9

It is possible to remove trailing bytes of a file without writting to a new file (> newfile) and moving it back (mv newfile file). That is done with truncate:

truncate -s -1 file

It is possible to remove leading bytes but by moving it around (which changes the inode) (for some versions of tail):

tail -c +1 file > newfile ; mv newfile file

So: How to do that without moving files around?
Ideally, like truncate, only a few bytes would need to be changed even for very big files.

note: sed -i will change the file inode, so, even if it may be useful, is not an answer to this question IMO.

  • 3
    You can create a new file in whatever way you wish, and then overwrite the original with cat new >orig (instead of mv as in your example). This leaves the original name with it's original inode. Or do you want to avoid creating an intermediate file? – Kusalananda Nov 30 '19 at 17:31
  • @Kusalananda Ideally, yes, I would like to avoid creating new files (using more disk space, double a big file takes time, etc.) like truncate does. In other words: Isn't there a truncate utility for the beginning of a file?. If that is not possible (which I suspect it isn't, but asking to confirm), then, yes, some file(s) need to be created, then your solution is perfectly valid and useful. –  Nov 30 '19 at 17:40
  • And just to be clear, you are not asking about zeroing out bytes at the start of the file (which dd would be able to do), but to actually "move the start of the file". – Kusalananda Nov 30 '19 at 17:42
  • 1
    @Kusalananda Yes, that is correct: "move the start of a file to some byte count". Thanks. –  Nov 30 '19 at 17:45
  • The issue is that, even if you have a GB and just want to remove the first byte, the other (1GB - 1) bytes all have to be physically moved. You might do that by using something like dd to pick out the separate parts of each block, and reassemble them differently, but that would take 2 processes for every block. More efficient to copy the whole file. – Paul_Pedant Nov 30 '19 at 18:22
  • 1
  • @Isaac, just to clarify, you mean to remove a part of the data from the beginning and to shift the rest back "down"? As in like removing the first three characters off of abcdefgh to get defgh? – ilkkachu Nov 30 '19 at 19:39
  • @ilkkachu If those strings represent the final file contents "as viewed by the user" (not what the File System might be storing in the disk) then yes, that is what I mean. ... Isn't that clear when I ask for something similar to truncate ? If a file contains abcdefgh and you do truncate -s -3 you get abcde as the final file, don't you?. I am not able to discern if this comment is being helpful (makes matters more clear) or I am missing something, Am I ? –  Nov 30 '19 at 21:14
  • Still not clear about a couple of things. (a) What constitutes a "big file" for the purposes of this question. (b) How will you determine the number of leading bytes to be deleted from the file. [My test knows the size of the file it used a a padding, but in general case you will need to do something.] Maybe (if it is text) head or sed some number of lines, and wc -c them to pass on to the unpadding routine. – Paul_Pedant Dec 08 '19 at 00:21

9 Answers9

6

With ksh93:

tail -c+2 < file 1<>; file

(where <>; is a ksh93 specific variant of the standard <> operator that truncates the file in the end if the command being redirected was successful).

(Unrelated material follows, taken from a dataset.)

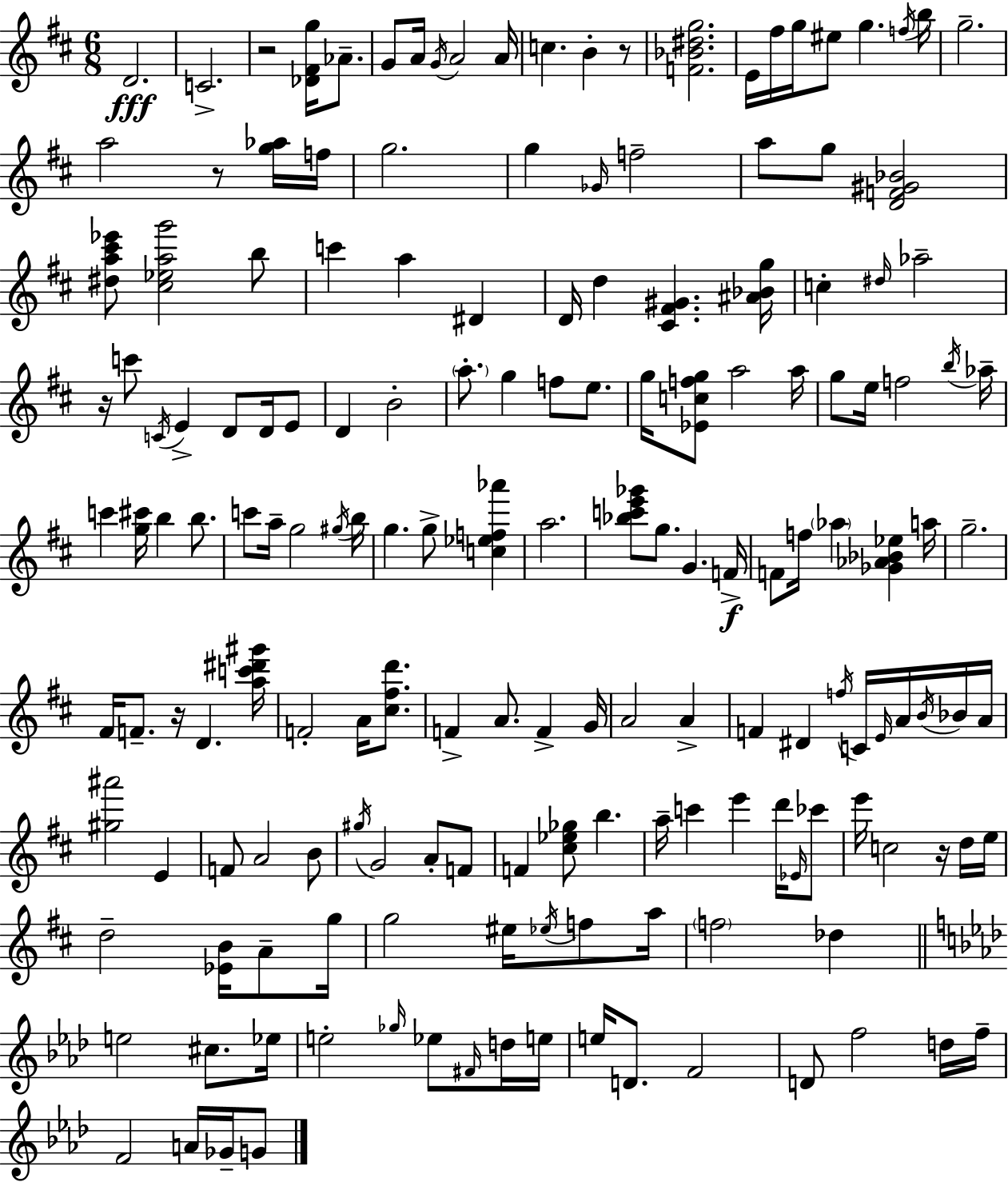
D4/h. C4/h. R/h [Db4,F#4,G5]/s Ab4/e. G4/e A4/s G4/s A4/h A4/s C5/q. B4/q R/e [F4,Bb4,D#5,G5]/h. E4/s F#5/s G5/s EIS5/e G5/q. F5/s B5/s G5/h. A5/h R/e [G5,Ab5]/s F5/s G5/h. G5/q Gb4/s F5/h A5/e G5/e [D4,F4,G#4,Bb4]/h [D#5,A5,C#6,Eb6]/e [C#5,Eb5,A5,G6]/h B5/e C6/q A5/q D#4/q D4/s D5/q [C#4,F#4,G#4]/q. [A#4,Bb4,G5]/s C5/q D#5/s Ab5/h R/s C6/e C4/s E4/q D4/e D4/s E4/e D4/q B4/h A5/e. G5/q F5/e E5/e. G5/s [Eb4,C5,F5,G5]/e A5/h A5/s G5/e E5/s F5/h B5/s Ab5/s C6/q [G5,C#6]/s B5/q B5/e. C6/e A5/s G5/h G#5/s B5/s G5/q. G5/e [C5,Eb5,F5,Ab6]/q A5/h. [Bb5,C6,E6,Gb6]/e G5/e. G4/q. F4/s F4/e F5/s Ab5/q [Gb4,Ab4,Bb4,Eb5]/q A5/s G5/h. F#4/s F4/e. R/s D4/q. [A5,C6,D#6,G#6]/s F4/h A4/s [C#5,F#5,D6]/e. F4/q A4/e. F4/q G4/s A4/h A4/q F4/q D#4/q F5/s C4/s E4/s A4/s B4/s Bb4/s A4/s [G#5,A#6]/h E4/q F4/e A4/h B4/e G#5/s G4/h A4/e F4/e F4/q [C#5,Eb5,Gb5]/e B5/q. A5/s C6/q E6/q D6/s Eb4/s CES6/e E6/s C5/h R/s D5/s E5/s D5/h [Eb4,B4]/s A4/e G5/s G5/h EIS5/s Eb5/s F5/e A5/s F5/h Db5/q E5/h C#5/e. Eb5/s E5/h Gb5/s Eb5/e F#4/s D5/s E5/s E5/s D4/e. F4/h D4/e F5/h D5/s F5/s F4/h A4/s Gb4/s G4/e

Would remove the first byte (by writing the rest of the file over itself and truncate at the end).

Same can be done with sh with:

{
  tail -c+2 < file &&
    perl -e 'truncate STDOUT, tell STDOUT'
} 1<> file

Note that it would unsparse sparse files (you could still re-dig holes afterwards with fallocate -d though).

Upon read/write errors, tail would likely bail out leaving the file partly overwritten (so for instance, abcdefgh could end up as bcddefgh if it fails after rewriting bcd). You could adapt the above so that it reports the writing offset upon error, so you know how to recover the data. Still with ksh93:

unset -v offset
{ tail -c+2 < file || false >#((offset=CUR)); } 1<>; file

After which if $offset is set, it contains the amount of data that was successfully written.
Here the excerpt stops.